Let's start by creating sample data:
create table users (username varchar(20));
create table follows (follower varchar(20), followee varchar(20));
insert into users values
('governor')
, ('mayor')
, ('senator')
, ('journalist_1')
, ('journalist_2')
, ('journalist_3')
, ('g')
, ('h')
, ('i')
, ('j')
, ('k')
, ('l')
, ('m')
, ('n')
, ('o')
, ('p')
, ('q')
, ('r')
, ('s')
, ('t')
, ('u')
, ('v')
, ('w')
, ('x')
, ('y')
, ('z');
insert into follows values
('z', 'governor')
, ('y', 'governor')
, ('x', 'governor')
, ('w', 'governor')
, ('v', 'governor')
, ('journalist_1', 'governor')
, ('journalist_2', 'governor')
, ('u', 'mayor')
, ('t', 'mayor')
, ('s', 'mayor')
, ('r', 'mayor')
, ('q', 'mayor')
, ('journalist_1', 'mayor')
, ('journalist_2', 'mayor')
, ('journalist_3', 'mayor')
, ('p', 'senator')
, ('o', 'senator')
, ('n', 'senator')
, ('m', 'senator')
, ('l', 'senator')
, ('journalist_2', 'senator')
, ('journalist_3', 'senator');
Next create a PROPERTY GRAPH to represet the Following relationship in this Social Graph
CREATE OR REPLACE PROPERTY GRAPH social_network
VERTEX TABLES (
users KEY (username) PROPERTIES ARE ALL COLUMNS
)
EDGE TABLES (
follows
key (follower, followee)
SOURCE KEY (follower) REFERENCES users(username)
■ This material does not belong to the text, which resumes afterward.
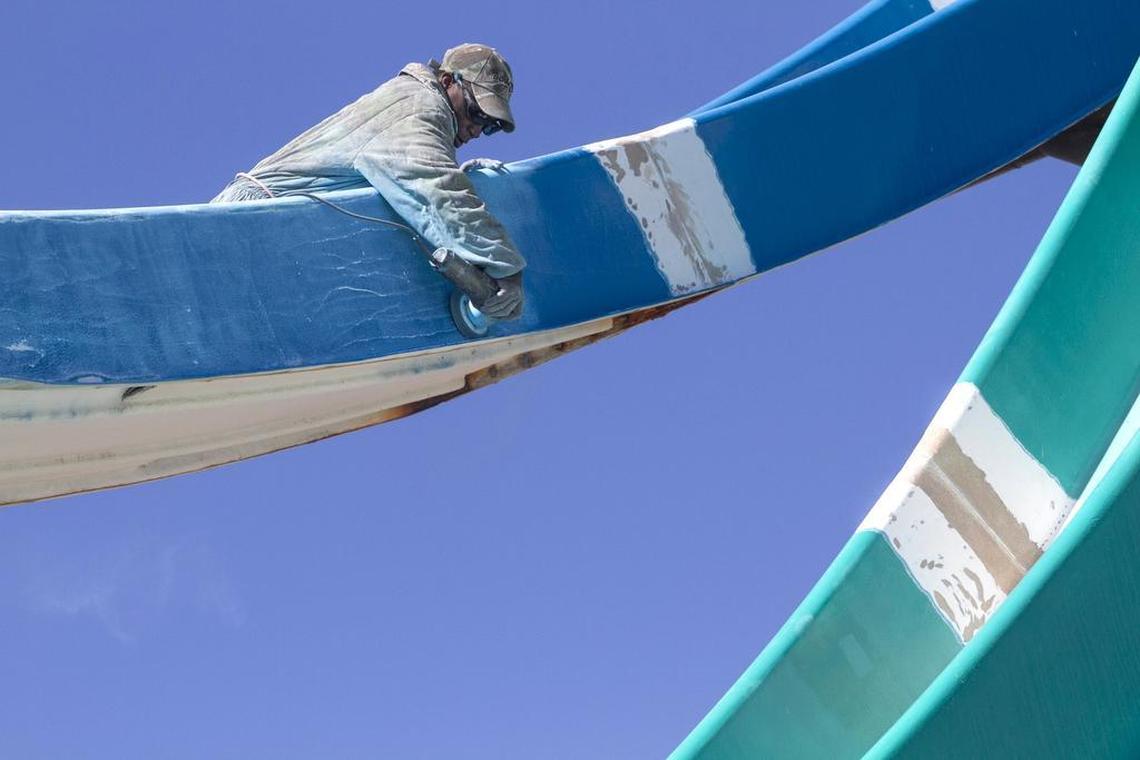 James Harps sands a water slide at Wild Water & Wheels in Surfside Beach in preparation for the season.
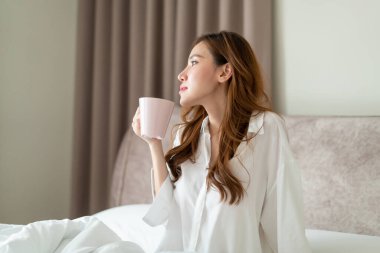 Portre güzel Asyalı kadın uyanır ve elinde kahve fincanı ya da kupayla sabah uyanır.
DESTINATION KEY(followee) REFERENCES users(username)
PROPERTIES ARE ALL COLUMNS
);
We can query this PROPERTY GRAPH using the following SQL/PGQ
SELECT distinct
follower
, followee
, v1
, v2
, e1
FROM GRAPH_TABLE (
social_network
MATCH (follower IS users) - [e is follows] -> (followee is users)
COLUMNS (
follower.username as follower
, followee.username as followee
, vertex_id(follower) as v1
, vertex_id(followee) as v2
, edge_id(e) as e1
)
);
Next we will run the HITS algorithm on this PROPERTY GRAPH
%python-pgx
graph = session.read_graph_by_name("SOCIAL_NETWORK", "pg_sql")
hits = analyst.hits(graph, auth='authorities', hubs='hubs')
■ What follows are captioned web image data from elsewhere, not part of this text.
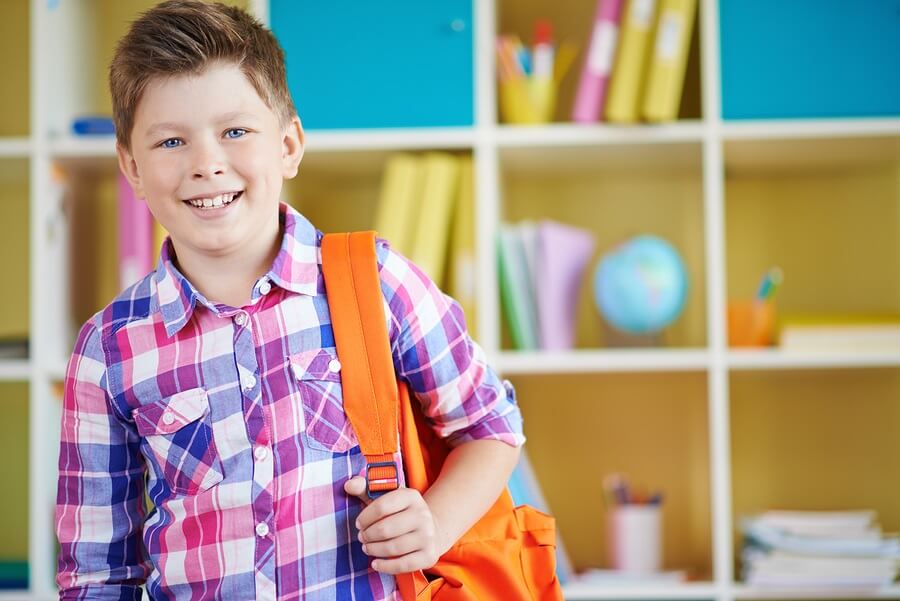 Smiling boy with backpack standing in mudroom
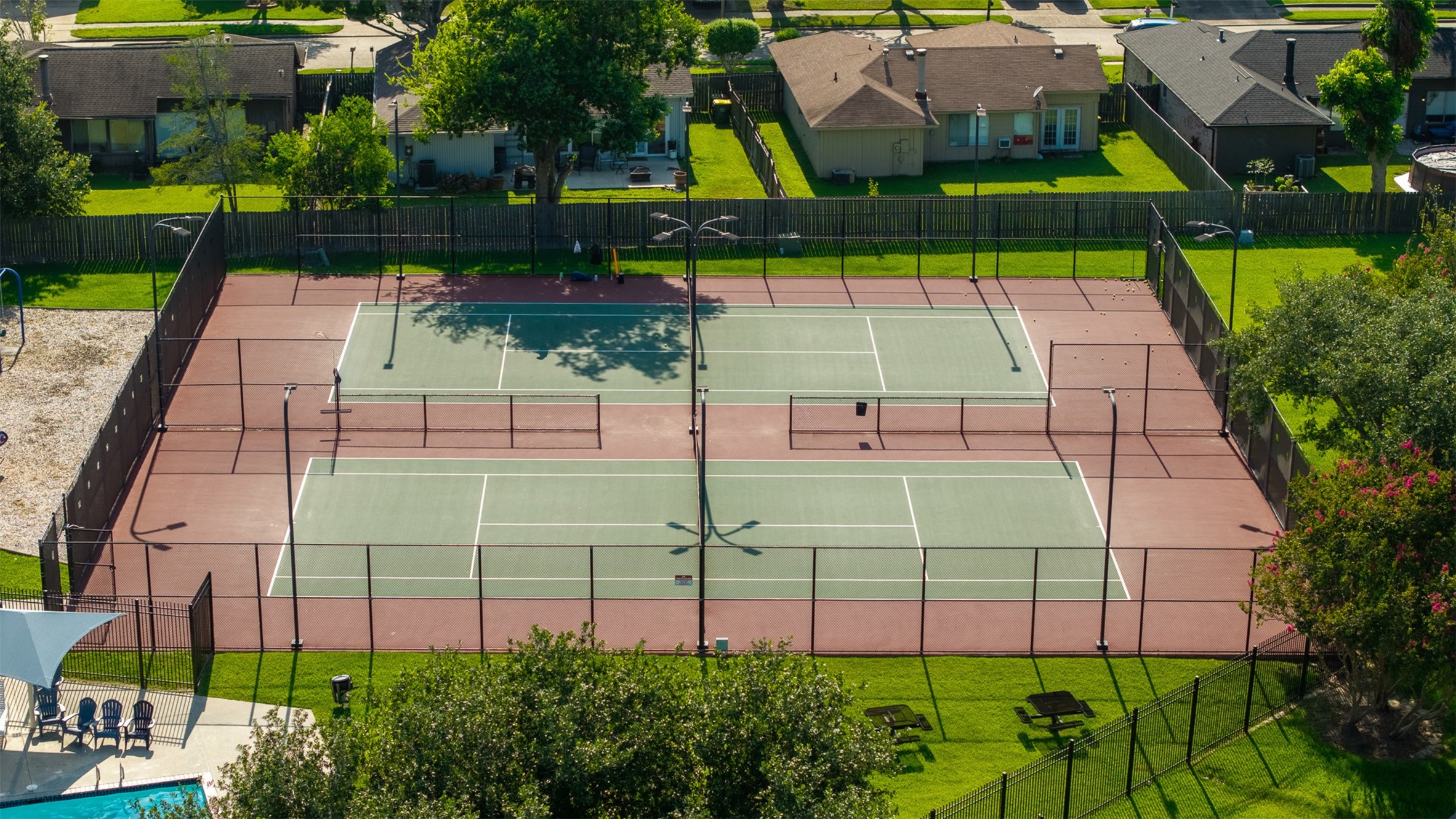 Surrounded by manicured green spaces and tall fencing, this community sports court features two full-sized tennis courts equipped with overhead lighting. Residents enjoy premier recreation options steps away, alongside access to a nearby community pool.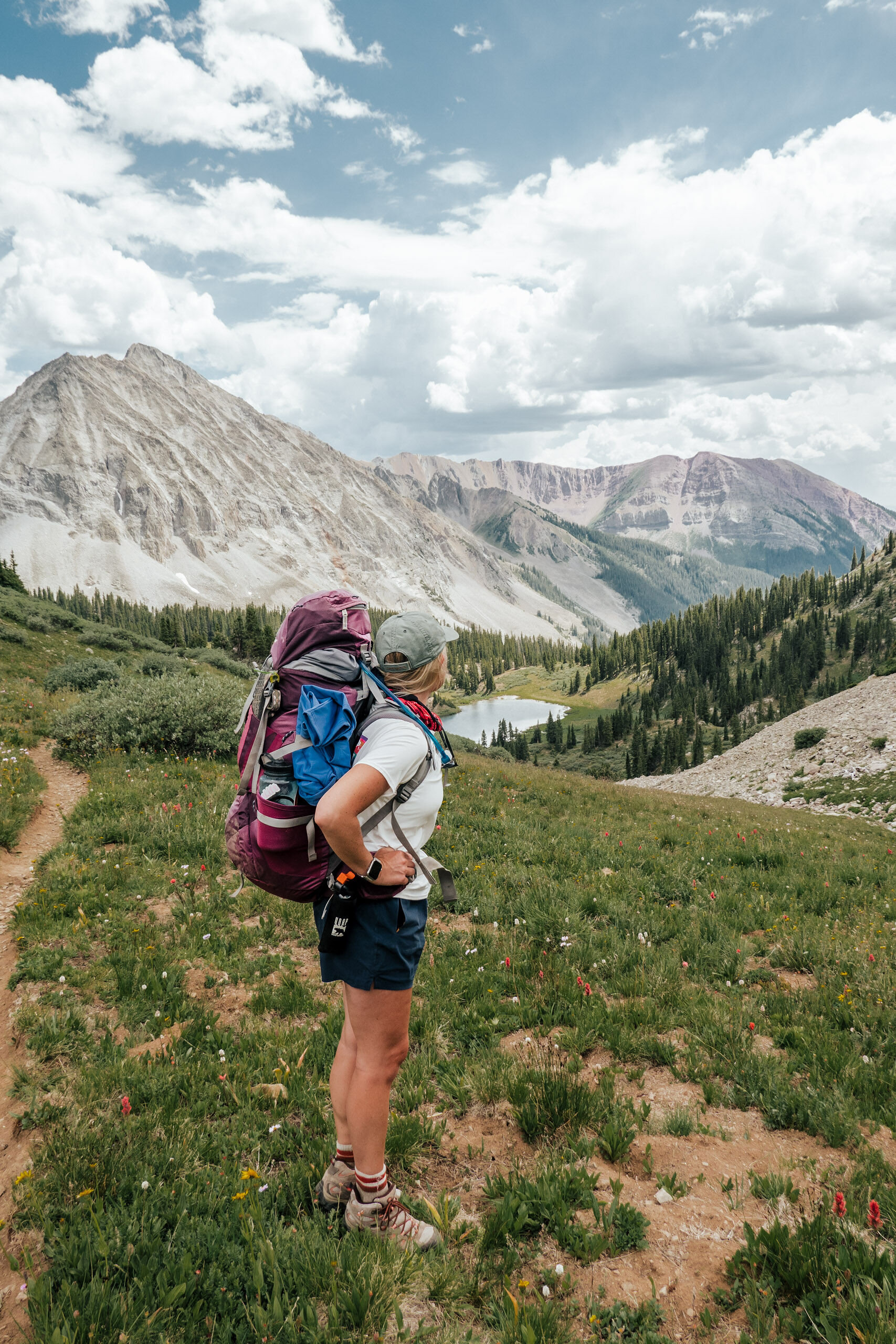 A woman wearing a backpack and hiking clothes takes in the view from the top of West Maroon Pass near Aspen Colorado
result_set = graph.query_pgql(
"SELECT x.USERNAME, x.authorities, x.hubs "
"MATCH (x) ORDER BY x.authorities DESC, x.hubs DESC")
result_set.print()
+---------------------------------------------------------+
| x.USERNAME | x.authorities | x.hubs |
+---------------------------------------------------------+
| mayor | 0.7071067811865475 | 0.0 |
| senator | 0.5000000000000001 | 0.0 |
| governor | 0.5000000000000001 | 0.0 |
| journalist_2 | 0.0 | 0.5187737569752051 |
| journalist_1 | 0.0 | 0.3668284414587895 |
| journalist_3 | 0.0 | 0.3668284414587895 |
| u | 0.0 | 0.21488312594237396 |
| t | 0.0 | 0.21488312594237396 |
| s | 0.0 | 0.21488312594237396 |
| r | 0.0 | 0.21488312594237396 |
| q | 0.0 | 0.21488312594237396 |
| l | 0.0 | 0.1519453155164156 |
| m | 0.0 | 0.1519453155164156 |
| n | 0.0 | 0.1519453155164156 |
| o | 0.0 | 0.1519453155164156 |
| p | 0.0 | 0.1519453155164156 |
| v | 0.0 | 0.1519453155164156 |
| w | 0.0 | 0.1519453155164156 |
| x | 0.0 | 0.1519453155164156 |
| y | 0.0 | 0.1519453155164156 |
| z | 0.0 | 0.1519453155164156 |
| k | 0.0 | 0.0 |
| j | 0.0 | 0.0 |
| i | 0.0 | 0.0 |
| h | 0.0 | 0.0 |
| g | 0.0 | 0.0 |
+---------------------------------------------------------+
Note: Nodes with no in-links are assigned an authority weight of 0, while nodes with no out-links are assigned a hub weight of 0. State Officials get Authority Rankings because many Hubs point to them. Where Journalist get high Hub Ranking as they point to many Hubs.